In a decision issued on September 26, 2013 in Syndicat des travailleurs de Continental Asphalte (C.S.N.). et 9163-7272 Québec inc. (division de Construction DJL inc.), AZ-51013413, Arbitrator Nicolas Cliche dismissed a grievance by the union seeking the removal of the video cameras installed by the employer on its sprawling site. The arbitrator allowed the employer’s preliminary exception based on the time elapsed between the installation of the video cameras (2003) and the filing of the grievance (2010), and went on to find that in any case, the video cameras had been put up for operational reasons and were not in violation of Quebec’s Charter of human rights and freedoms.
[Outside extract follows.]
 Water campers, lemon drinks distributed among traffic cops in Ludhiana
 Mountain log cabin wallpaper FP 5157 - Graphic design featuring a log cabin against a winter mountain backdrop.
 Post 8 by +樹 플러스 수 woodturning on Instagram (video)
The company operates a huge asphalt products facility. In 2003, it decided to install six video cameras. In 2007, four additional cameras were installed. The cameras are stationary and do not have a telephoto lens. They capture images allowing the company to monitor the flow of goods in transit, persons entering and exiting the site and the garage operations. The union’s grievance was filed in 2010, seven years after the first video cameras were installed. In the meantime, three collective agreements had been signed between the parties. The video cameras were never an issue during the bargaining sessions. The parties discussed them from time to time, at meetings of the labour relations committee. No employee was ever disciplined as a result of the use of the video cameras, although one employee was criticized for extending his rest and meal breaks. One camera, which had been installed in the employee cafeteria in 2003, was removed because it was of no use to the company’s operations.
The preliminary exception
The employer raised a preliminary exception based on the time elapsed between the installation of the video cameras (2003 and 2007) and the filing of the grievance (2010), which exception was allowed by the arbitrator. The arbitrator justified his decision on the basis that the employees and the union had known of the video cameras’ existence since 2003, the subject having come up for discussion at meetings of the labour relations committee. Moreover, three collective agreements had been signed between the parties since the installation of the video cameras and the union had had three chances to bring the matter up during the bargaining that led to those collective agreements. The arbitrator concluded that the union was now estopped from doing so as a result of its past practice of accepting the cameras over a seven-year period under several collective agreements.
Even though he was not required to make a determination on the merits of the dispute, the arbitrator nevertheless decided to pursue his analysis, in the interest of, in his words, “guiding the workers in their future actions” in the collective bargaining context.
The arbitrator found the video cameras to have been installed for operational reasons. The company has a large quantity of very expensive equipment and the video cameras serve to protect the premises and monitor traffic. They monitor the comings and goings of visitors and the equipment on board the trucks circulating on the premises.
As for impairment of the employees’ rights, the arbitrator did not consider their dignity to be compromised or the right to fair and reasonable working conditions protected by section 46 of the Charter to be infringed. In this regard, he stressed that the video cameras afforded a view of the premises as a whole, were not there to anger the workers and were never used to discipline an employee for his behaviour. However, the arbitrator noted that his decision might have been different if a video camera were installed at a specific workstation, at a specific location for the purposes of filming an employee on a continuous basis.
On the subject of the right to privacy, the arbitrator considered that an employee “who goes around the garage repairing equipment is no longer really in the private sphere inasmuch as he is seen by his co-workers and foreman.” The right to privacy would nevertheless be infringed if the video cameras were directed at a particular workstation or employee.
This decision highlights the possibility of an employer making an argument in defence against a grievance based on the union’s lack of action and the passage of time. In this case the arbitrator dismissed the grievance basically because too much time had elapsed between the initiative taken by the employer and the action taken by the union to dispute it. On the merits of the case, the arbitrator was of the view that the existence of video cameras in a place of business does not violate the employees’ rights and freedoms where the employer is able to clearly establish that they are justified for reasons that are strictly operational in nature. Of course, the justification and the need to use cameras for the protection of persons and property are subject to the arbitrator’s assessment.